Another complication in this area is that of tax, can you ensure your remote employee is paying the correct tax when working as a remote worker? If they are contracted directly to you (and only to you), you may find yourself in hot water as the employer for the employee’s lack of tax payments. Or, do you force the employee to register a company and work on an invoicing basis? This may help on the tax side, but it also opens up the opportunity for – and almost incentivises – the employee to contract out to other employers. Do you have a plan and reasonable restrictions in place for this eventuality?

How do you measure it?

Once you’ve embarked on this journey, you need to understand as an employer that you are no longer monitoring your employees’ hours. If you are, they are simply working from home temporarily, and are not remote workers in the true sense of it. You are now monitoring outcomes, and as such these need to be clearly defined.

It is vitally important that your remote workers are included in meetings and regular updates as to what is expected of them. At the very least on a weekly basis. Be aware that the additional free time that your remote workers have on their hands due to not having a commute, also translates into additional busy time for managers to keep them focused on their direction and outcomes. You also cannot afford to alienate your remote teams by informing them of decisions after the fact. You have to include them in decisions and team meetings the same way you would for a physically present team member.
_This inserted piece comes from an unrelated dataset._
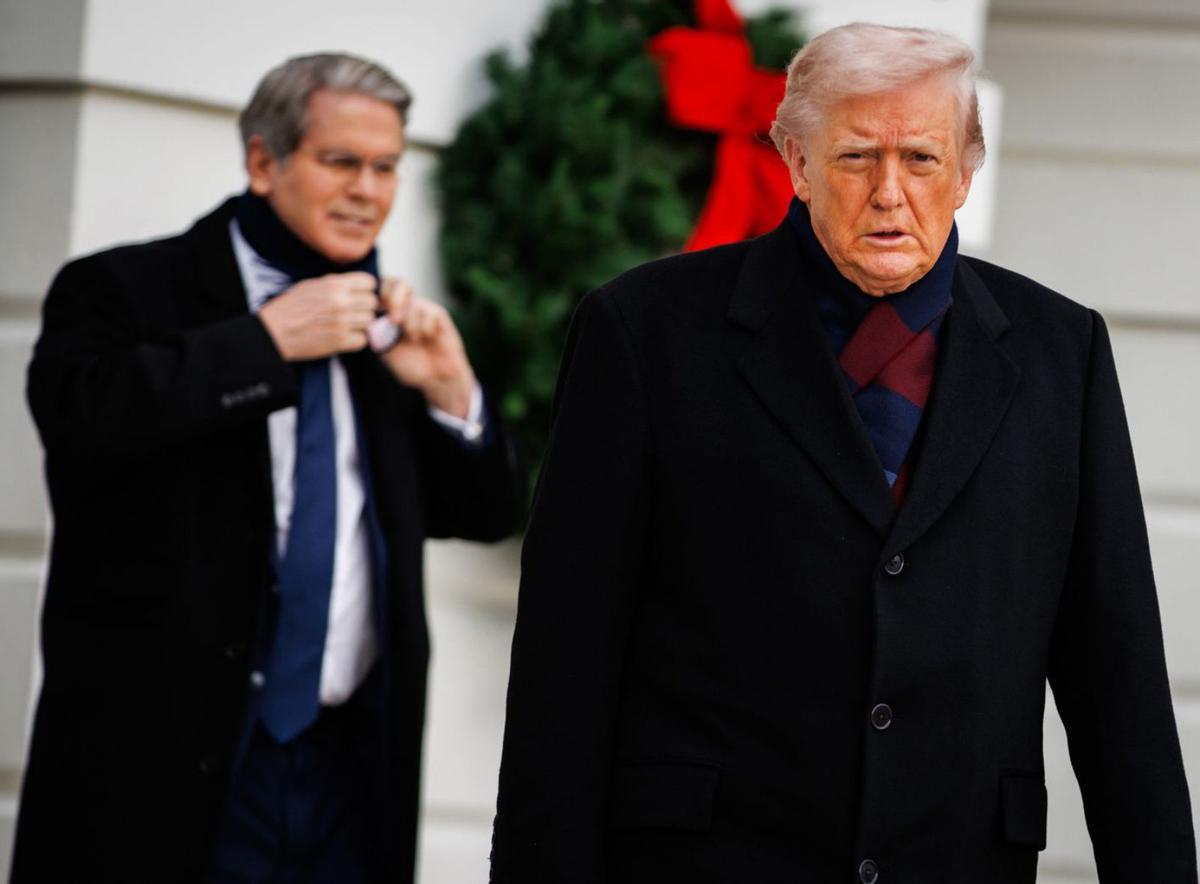 Trump i el secretari del Tresor, Scott Bessent, a l’entrada de la Casa Blanca. | EUROPA PRESS / SAMUEL CORUM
Technology infrastructure required!

Having your remote workers “present” in meetings means you need to have the technology infrastructure in place to drive this. Remote team members should have full access to decent webcams, microphones and communications equipment, and your office should be kitted out with the same. Can your meeting rooms comfortably bring a virtual worker in, and can they see everyone in the room? You need to consider having wide angle video (the cheaper option) or a tracking camera (the more expensive option) to ensure that they can see who is speaking.

Don’t fall into the trap of relying on a laptop in the room to be the microphone and camera, invest in decent kit for the room. Modern laptops’ microphones are often directional, in which case anyone speaking that is not directly facing the laptop will not be heard, and their cameras are often not wide angle enough to support a full room.

Intellectual Property, Data, and Bring Your Own Device

If your remote workers are providing their own hardware and laptops, how are you able to ensure that your (and your clients’) personal information, intellectual property, and data is adequately looked after. As part of your contracts, you need to take this into consideration. Your remote workers should have at the very least the same protections in place on their personal equipment that you as the employer have on your internal office network. Files should be encrypted, and data flows should be defined and communicated.

You need to ensure that you are incredibly clear on what tools are and are not allowed to be used, and that none of your company data is being stored on file sharing services that the remote worker may be using in their personal capacity. This creates a legal minefield for you as the employer.

You should ensure that you have a remote work policy, a BYOD policy, and a clear Acceptable Usage Policy (AUP) as a minimum to ensure that integrity is maintained. You will also need all of these to maintain a cyber insurance policy (which you should have already!). Related to this, short term insurance should also be specifically mentioned and clearly defined as to who is responsible. You cannot have downtime due to equipment being uninsured if an employee is burgled or a laptop goes missing from a coffee shop.

What next?

It’s clear that there is quite a lot to consider, and this is only scratching the surface. With any decision such as remote work, due diligence needs to be performed – often with external advisory in order to address any “blind spots”. As an employer, it is important that you consider all your bases, and weigh up the pros and cons. The fact of the matter though is that remote work is here to stay, and if you don’t move on it, you may end up losing your staff to employers that are embracing the practice.